Rays right-hander Alex Cobb had a no-hitter going through 5 2/3 innings, but Ellsbury changed all of that with one swing, lining a two-run homer to right that put Boston ahead, 2-1.
From that point on, the Red Sox never trailed.
"Yeah, he had a [no-hitter] and then [Jose Iglesias] got hit by a pitch, and I'm just trying to put a good at-bat together," said Ellsbury. "That's the main thing. I got a 3-1 count and got a fastball. It was actually in. He threw a good pitch. I just put a good swing on it."
When Ellsbury is in top form, as he was for virtually all of 2011, a pitcher can throw his best pitch and still see it deposited into the seats.
Ellsbury went 3-for-5, and is hitting .400 over his last 30 at-bats.
"I thought Ells took control of the at-bat," said manager Bobby Valentine. "He stepped out and did a good job, and Iggy did a really good job of getting a good jump to beat the ball to second on a [Pedro] Ciriaco ground ball and got a good jump on the ball in the dirt to get to third. It looked like, for five innings, we didn't even have any gas in our tank and then it seemed like Iggy ignited us a little there and Ells took a lot of time in between pitches and got a 3-1 pitch and gave us the lead."
The Red Sox can never make the nightmare of last September go away, when the Rays turned the tables on them with a historic pennant-race comeback. But Boston can at least help spoil Tampa Bay's hopes at an encore performance during this year's stretch run.
The loss dropped the Rays 5 1/2 games back in the American League East, and 4 1/2 off the pace in the hunt for an AL Wild Card berth. Tampa Bay has lost six of its last seven games.
"We are going to have to find a way to bounce out of it," said Rays outfielder B.J. Upton, who had three hits. "We need to find a way to do it."
Veteran righty Aaron Cook kept his sinker down, giving up five hits and a run over six innings to earn the win, his first since Aug. 6.
"It's one of those things," said Cook. "I just try to put it out of my mind and go out there and try to be myself every start and try to give us a chance to win some baseball games. Fortunately it worked out tonight."
Cook (4-10, 4.93 ERA) opened with four shutout innings.
"I feel happy for Cookie tonight," said Valentine. "He threw 71 pitches, but he threw them with all his might and gave us everything he had. I thought it was a tough night for him to get outs with and he got them. There's been a little time in between wins. Maybe he'll get on a little roll here before the season ends. I thought he and Ryan [Lavarnway] mixed pitches up real well, too."

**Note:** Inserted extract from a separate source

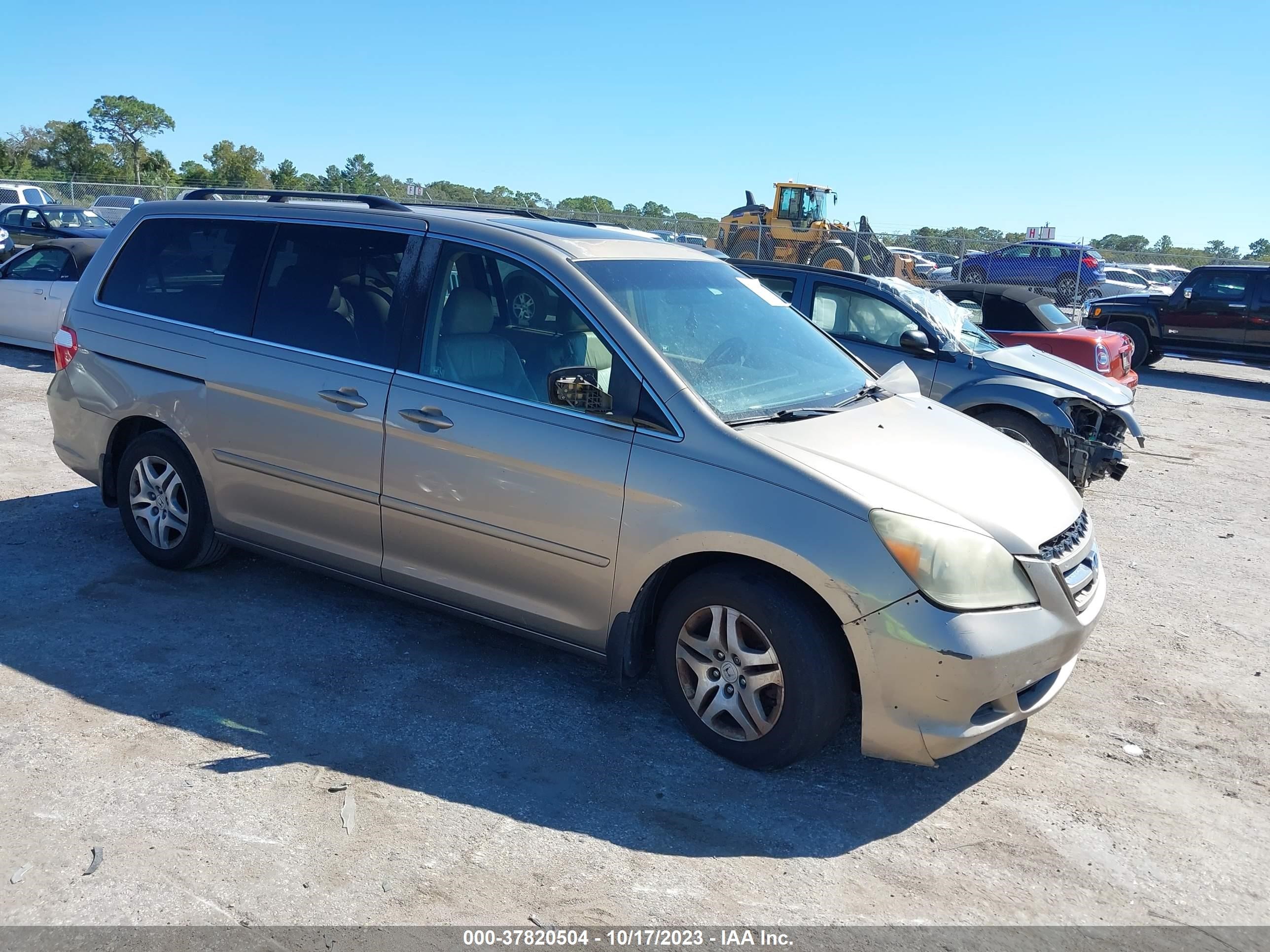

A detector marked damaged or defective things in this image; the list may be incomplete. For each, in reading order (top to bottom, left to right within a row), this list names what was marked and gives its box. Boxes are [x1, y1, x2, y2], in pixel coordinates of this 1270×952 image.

damaged silver minivan [47, 191, 1102, 766]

Boston kept the pressure on in the seventh. James Loney led off with a single up the middle. Jarrod Saltalamacchia followed with a walk. Lavarnway reached on an error by shortstop Ben Zobrist, and that loaded the bases with nobody out. Pinch-hitter Mauro Gomez stepped up and smashed a two-run single to left, giving the Red Sox a three-run lead.

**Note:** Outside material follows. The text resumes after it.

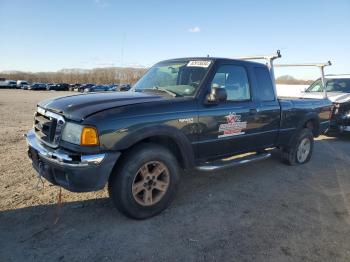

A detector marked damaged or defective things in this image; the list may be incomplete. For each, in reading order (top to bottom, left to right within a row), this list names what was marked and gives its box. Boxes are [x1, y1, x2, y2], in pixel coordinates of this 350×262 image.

damaged hood [37, 91, 166, 121]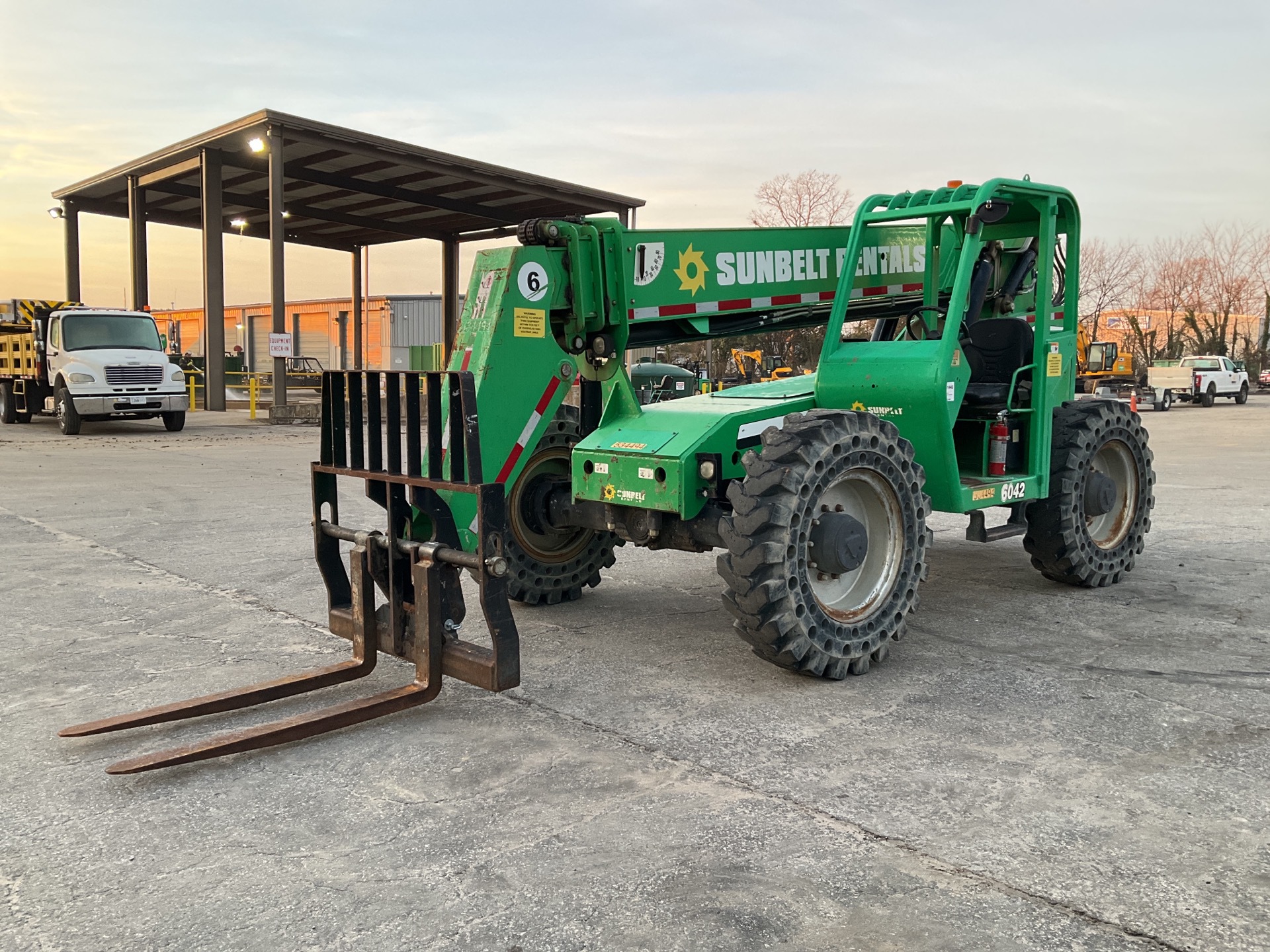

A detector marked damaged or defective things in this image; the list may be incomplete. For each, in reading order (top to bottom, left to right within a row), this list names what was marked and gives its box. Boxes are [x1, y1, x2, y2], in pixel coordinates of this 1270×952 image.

"Big pinch-hit by Mauro with two strikes," said Valentine. "He kept battling, fouled off the 1-2 curveball and then got a pitch he could handle and drove in a couple of runs. That was big."
Iglesias executed a sacrifice bunt, moving the runners to second and third. Rays manager Joe Maddon opted to walk Ciriaco intentionally, even with the dangerous Ellsbury coming up. The move didn't work, as Ellsbury blooped an RBI single to left against lefty J.P. Howell.
"That just goes to show you that Ciriaco has gained a little respect around the league, too," Valentine said.
Ellsbury admitted getting a little extra charge from driving in a run after the dare by Maddon.
"I was excited to have an opportunity to get up and drive a run in," Ellsbury said. "I like that. I always liked that mentality in any situation. I like being in a situation where I can help my team win, having an opportunity to drive in a run. You're not always going to have success in that situation, but it only adds to my focus."
Speaking of focus, Boston's bullpen was locked in over the final three innings. Rich Hill mowed threw the seventh, striking out two of the three batters he faced. Junichi Tazawa, who has been ridiculously hot of late, did the same thing in the eighth, lowering his ERA to 1.43.
"You can't throw a ball any better than he's throwing it," Valentine said. "It's impossible to throw it better -- it really is."